#56: “The Wondersmith” by Fitz-James O’Brien, Part 2

The creepy Christmas story becomes a creepy New Year’s Eve, as the Wondersmith’s evil plans move into their final phase. Beware the Wondersmith!

Btw, I knew I’d heard that phrase before. I have a fairy tale book about the Gobhan Saor called The Wonder Smith and His Son. (It came out in 1927.) Wayland, Mimir and Regin are also called “wonder smith”, so the term may come from Norse kennings. Wherever it comes from, it’s a good title, ne?

MANUAL DOWNLOAD HERE!
Section 4: “The Manikin and the Minos”
Section 5: “Tied Up”
Section 6: “The Poisoning of the Swords”
Section 7: “Let Loose”
46 min.

2 Responses to “#56: “The Wondersmith” by Fitz-James O’Brien, Part 2”

  1. Peadar Says:

    Thanks for the Fitz-James O’Brien readings. I’ve only listened to a couple of the short ones but plan to download “The Wondersmith.”

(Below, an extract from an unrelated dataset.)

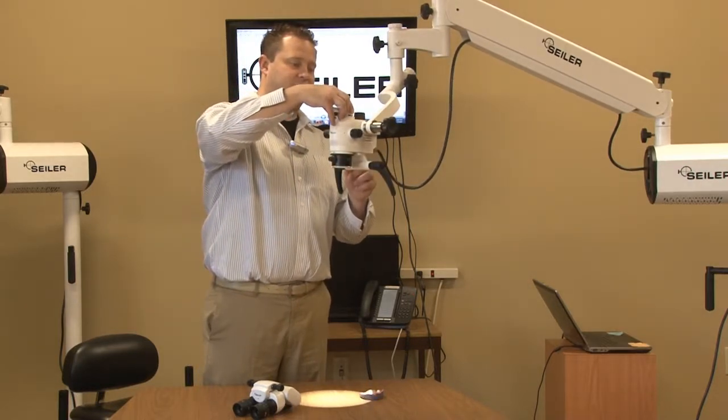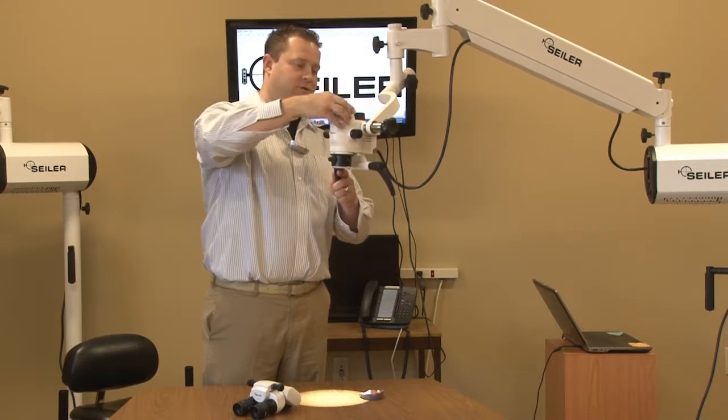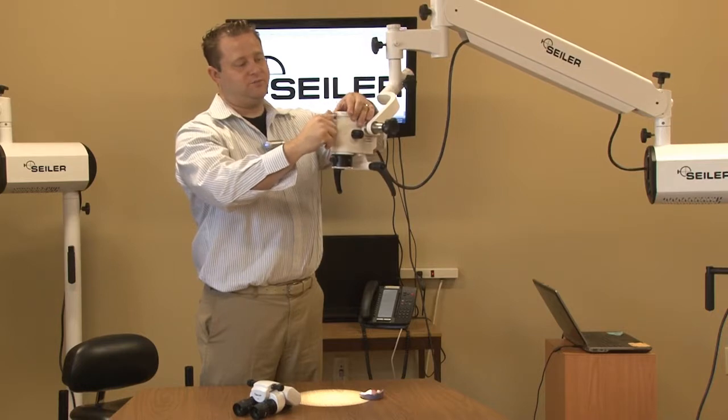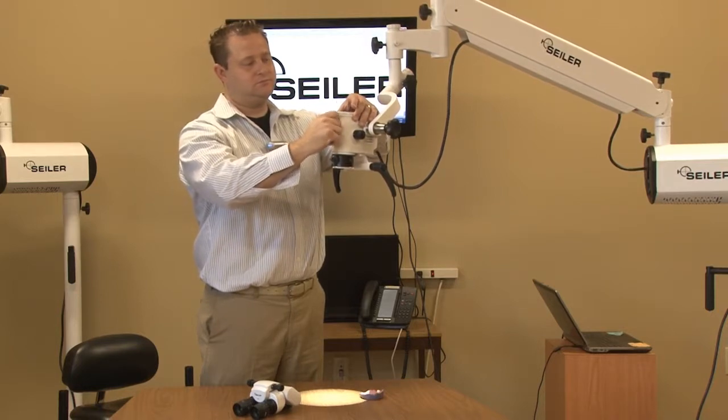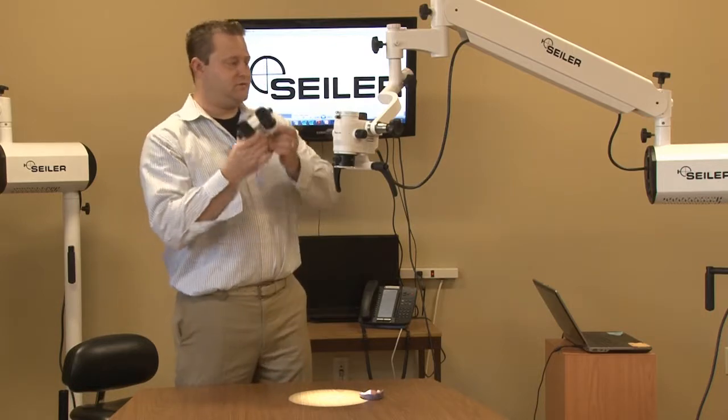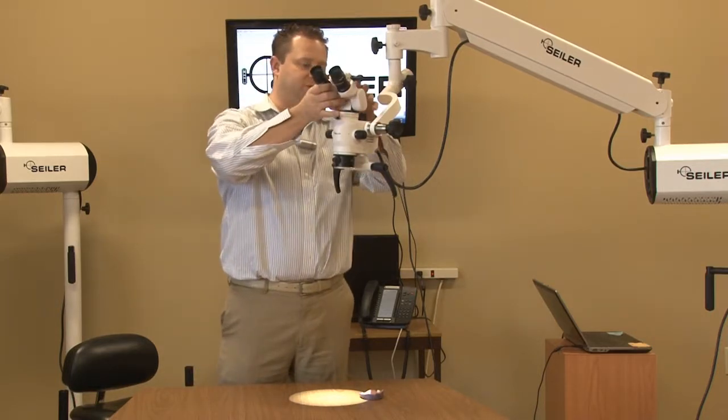It just slides directly on and locks in place. Now we're going to put the binocular head on top of the laser filter.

    Earlier you asked if O’Brien was Catholic or Church of Ireland. I’ve been doing some research on FJOB and have come up with some interesting things. When he died, he was an Episcopalian. At first I was thrown when I read (in an 1898 NYTimes piece on him) that he called for a priest when he was on his deathbed. But when I found his obituary, it stated that it was an Episcopal chaplain of his regiment who visited him and conducted his funeral rites in New York.

    But the family (at least on his mother’s side) was only recently Church of Ireland. Her father, a lawyer, lost his position during a purge of Catholics. So either the family changed then or later, when his mother remarried DeCourcy O’Grady (a prominent Protestant family in Limerick), after the death of Fitz’s father.

    It is good to hear that he sought the consolation of Christian rites as he was dying.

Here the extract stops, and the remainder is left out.